> [PROVIDED DATA]:
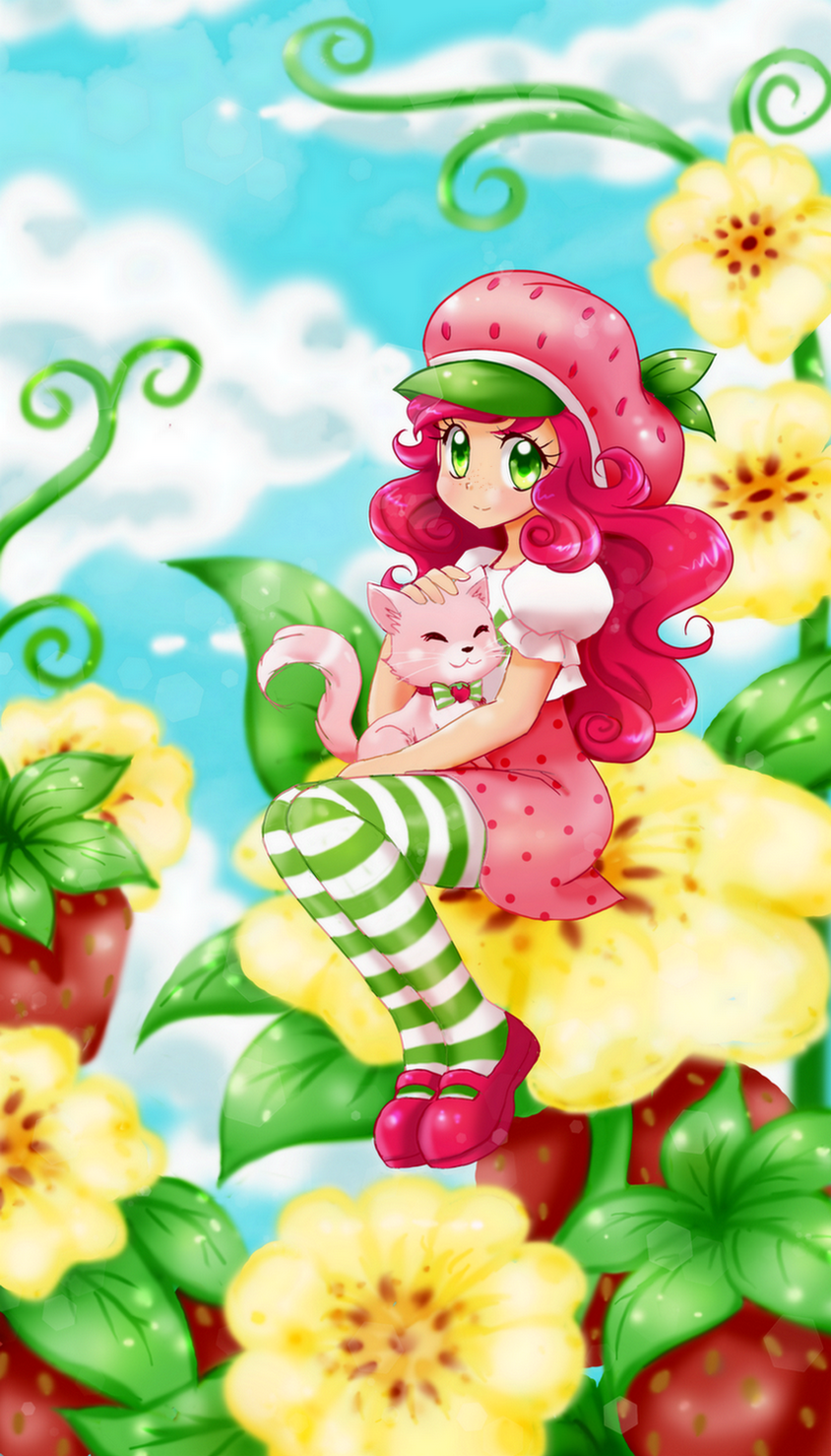 1girl, blue_sky, bow, bowtie, cat, closed_eyes, cloud, curly_hair, custard_(sbsc), day, dress, eyelashes, floral_background, flower, food, fruit, full_body, green_eyes, hat, headpat, highres, leaf, legs_together, long_hair, mini_person, minigirl, on_flower, pantyhose, pink_dress, pink_hair, polka_dot, polka_dot_dress, puffy_sleeves, shoes, short_sleeves, sitting, sky, strawberry, strawberry_shortcake_(character), strawberry_shortcake_(series), striped_clothes, striped_pantyhose, tsaianda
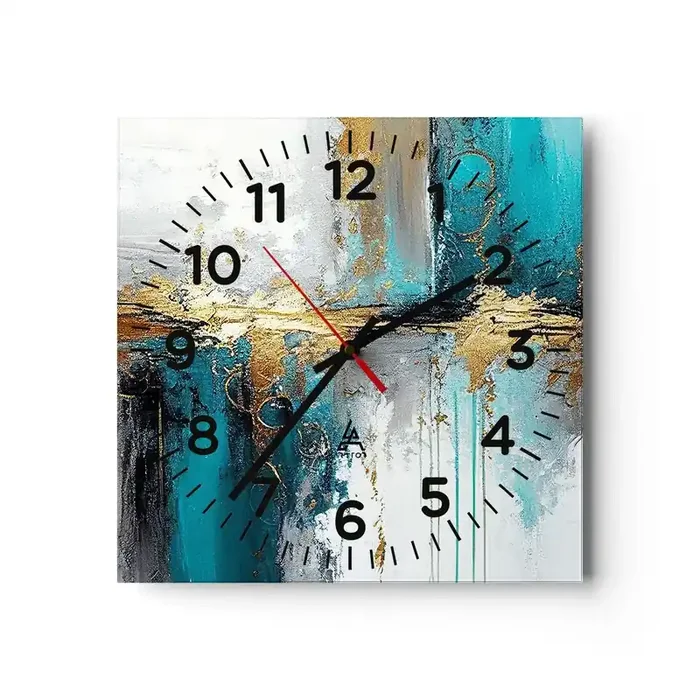 Reloj de pared – Reloj de vidrio – Todo fluye – 40×40 cm
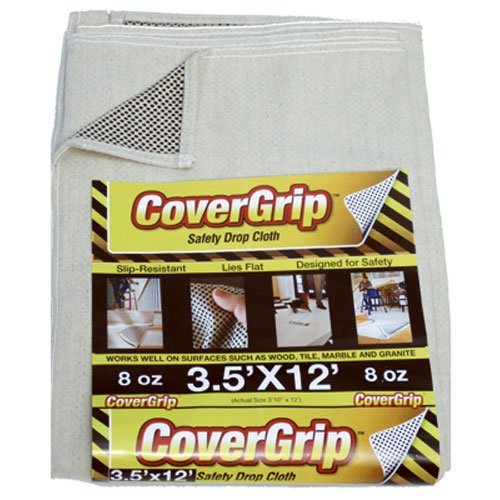 CoverGrip 351208 8 oz Canvas Safety Drop Cloth, 3.5' x 12' by CoverGrip
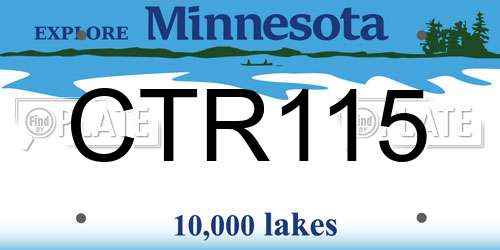 CTR115 Minnesota License Plate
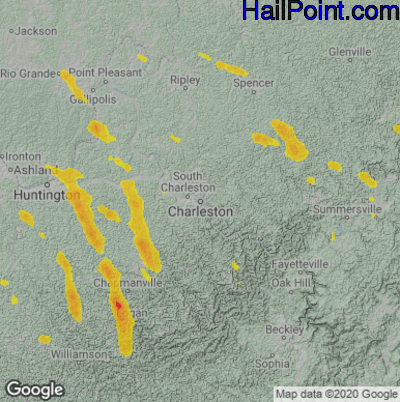 Hail Map for Charleston, WV Region on June 6, 2020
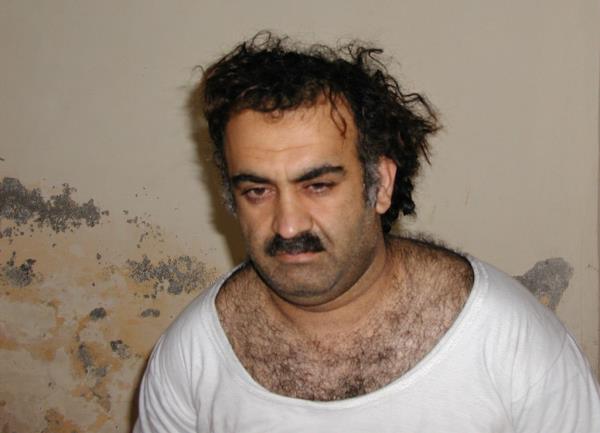 Khalid Sheikh Mohammed, the alleged Sept. 11 mastermind, is seen shortly after his capture during a raid in Pakistan Saturday March 1, 2003 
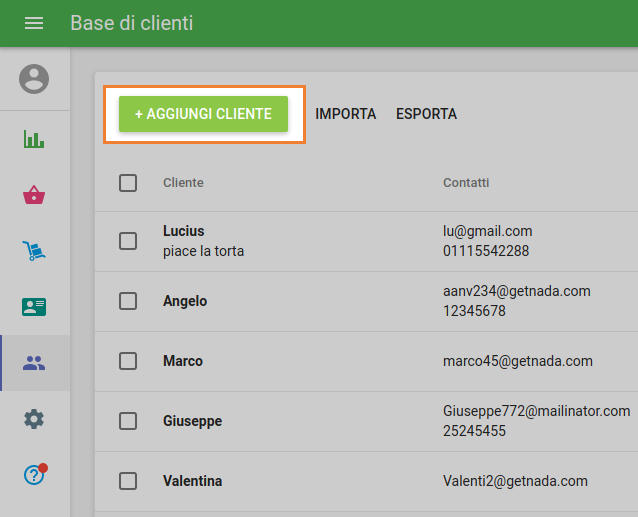 Aggiungi cliente alla base clienti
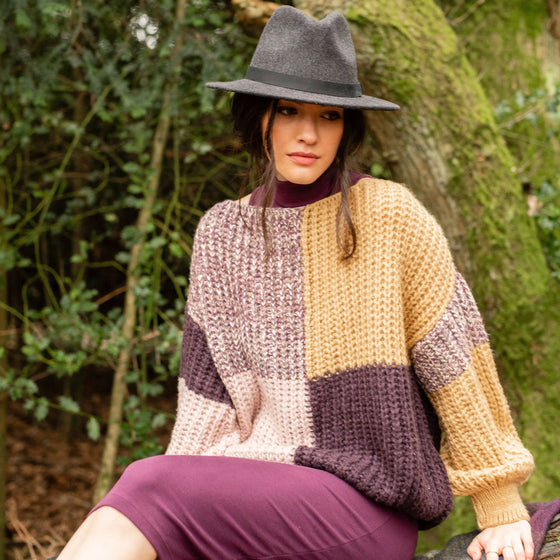 Laura Chunky Patchwork Jumper - Plum Cara & The Sky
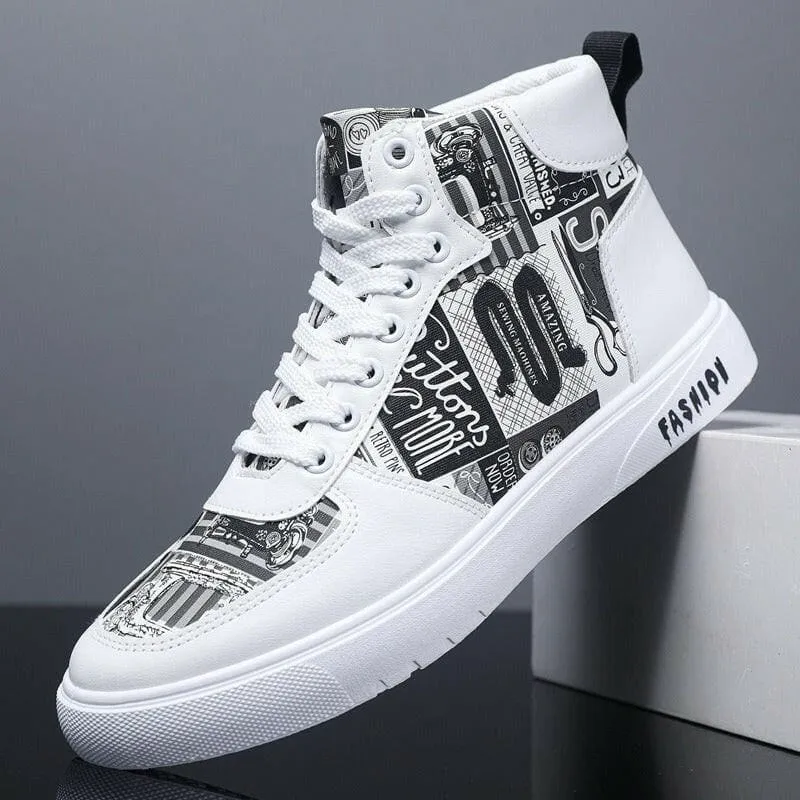 Trendy Mens Graffiti High Top Casual Sports Shoes in White and Colorful Print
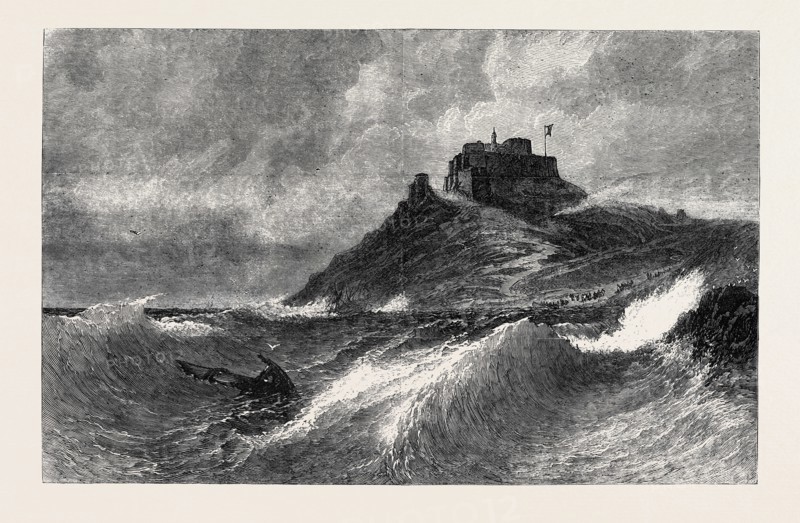 "A FRESH GALE, MOUNT ORGUEIL, JERSEY," BY E. HAYES, IN THE EXHIBITION OF THE SOCIETY OF BRITISH ARTISTS, SUFFOLK STREET, LONDON, 1869, UK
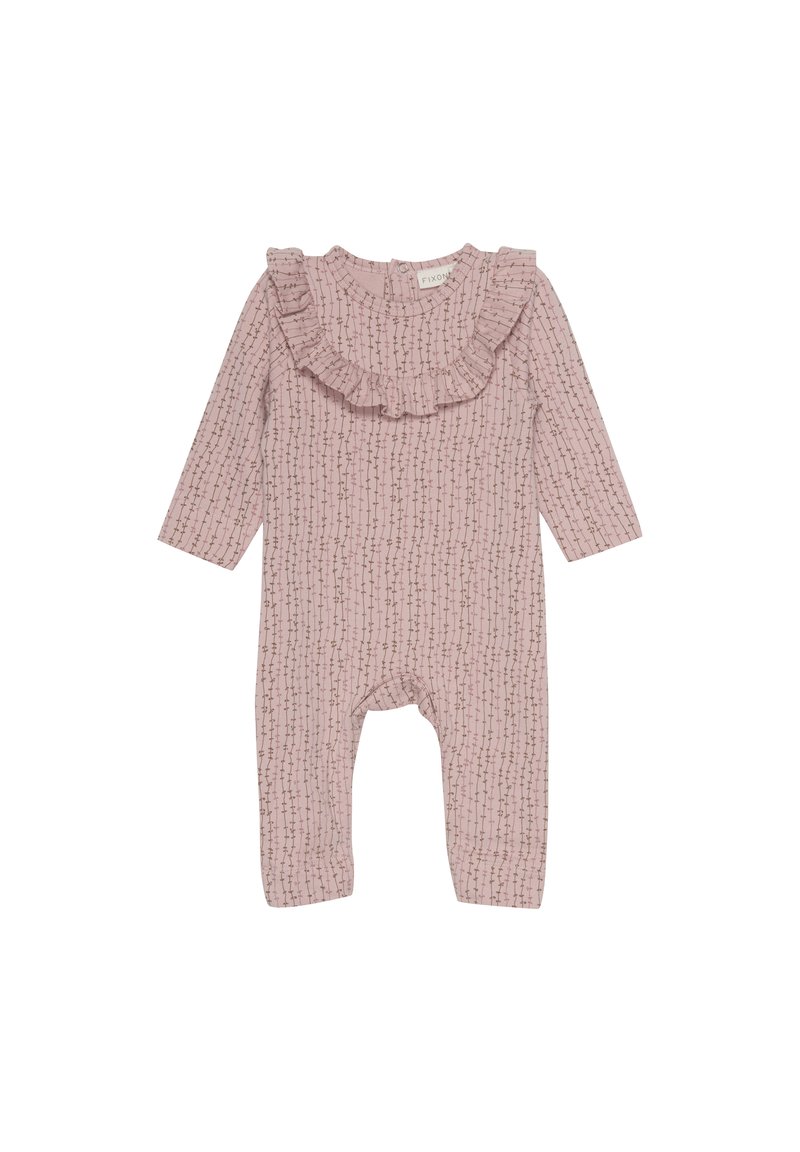 Body rose à manches longues avec un col froncé, présentant un motif texturé de petites lignes marron. Fermeture à snap au dos, tissu doux.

> [WHAT YOU SHOULD DO]:
Restate the material above word for word, omitting the pictures.

> [RESPONSE]:
 1girl, blue_sky, bow, bowtie, cat, closed_eyes, cloud, curly_hair, custard_(sbsc), day, dress, eyelashes, floral_background, flower, food, fruit, full_body, green_eyes, hat, headpat, highres, leaf, legs_together, long_hair, mini_person, minigirl, on_flower, pantyhose, pink_dress, pink_hair, polka_dot, polka_dot_dress, puffy_sleeves, shoes, short_sleeves, sitting, sky, strawberry, strawberry_shortcake_(character), strawberry_shortcake_(series), striped_clothes, striped_pantyhose, tsaianda
 Reloj de pared – Reloj de vidrio – Todo fluye – 40×40 cm
 CoverGrip 351208 8 oz Canvas Safety Drop Cloth, 3.5' x 12' by CoverGrip
 CTR115 Minnesota License Plate
 Hail Map for Charleston, WV Region on June 6, 2020
 Khalid Sheikh Mohammed, the alleged Sept. 11 mastermind, is seen shortly after his capture during a raid in Pakistan Saturday March 1, 2003 
 Aggiungi cliente alla base clienti
 Laura Chunky Patchwork Jumper - Plum Cara & The Sky
 Trendy Mens Graffiti High Top Casual Sports Shoes in White and Colorful Print
 "A FRESH GALE, MOUNT ORGUEIL, JERSEY," BY E. HAYES, IN THE EXHIBITION OF THE SOCIETY OF BRITISH ARTISTS, SUFFOLK STREET, LONDON, 1869, UK
 Body rose à manches longues avec un col froncé, présentant un motif texturé de petites lignes marron. Fermeture à snap au dos, tissu doux.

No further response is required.